Client intake summary — before a consultation.
You talk to a lot of prospective clients. Most of them describe the same three types of disputes in completely different ways. This prompt turns a client's written description into a structured intake summary you can review in 60 seconds before the call.
Paste this into Claude or Copilot. Drop the client's message at the bottom.

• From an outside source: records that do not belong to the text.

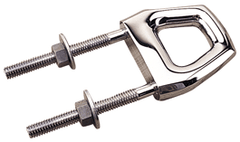 Seadog Bow Eye Chrome Zinc - Steveston Marine and Hardware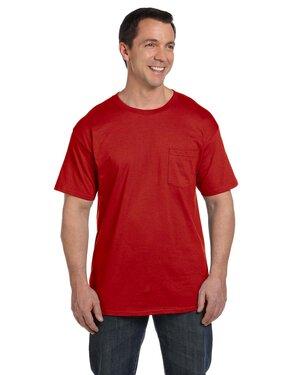 Hanes 5190 - Beefy-T® with a Pocket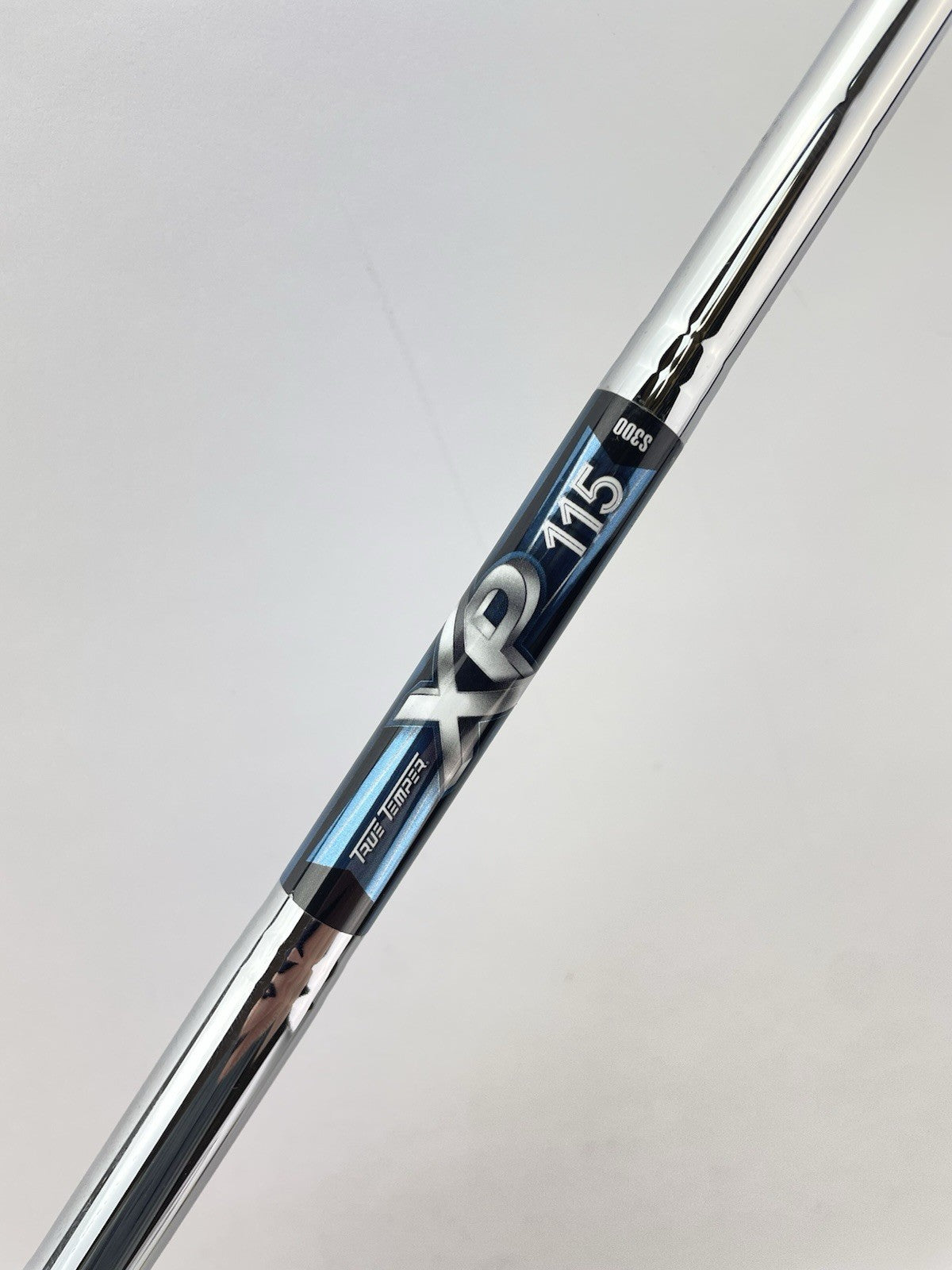 True Temper XP115 Iron Shaft Stiff Flex Steel 36.25 /0.355 Tapered /270110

COPY & PASTE THIS PROMPT You are a legal intake assistant for a small law firm. A prospective Nature of the dispute (one sentence) 1. Parties involved (list each party and their role) 2. Key dates mentioned 3. What the client says they want 4. Potential practice areas involved 5. Questions I should ask in the consultation Do not make legal conclusions. Do not add information that wasn't in Client's message: |
One more thing.
Claude for Legal is real. The integrations are real. The benchmark score is real. Big firms are already running it on live matters.
The attorneys who get the most from it over the next 12 months won't be the ones who signed up first. They'll be the ones who took the time — or got the help — to configure it for how their practice actually works.
The technology keeps getting better. The implementation problem doesn't solve itself.
Greg
Actionable AI | Less hype. More results.
P.S. Don't skip the supervision step.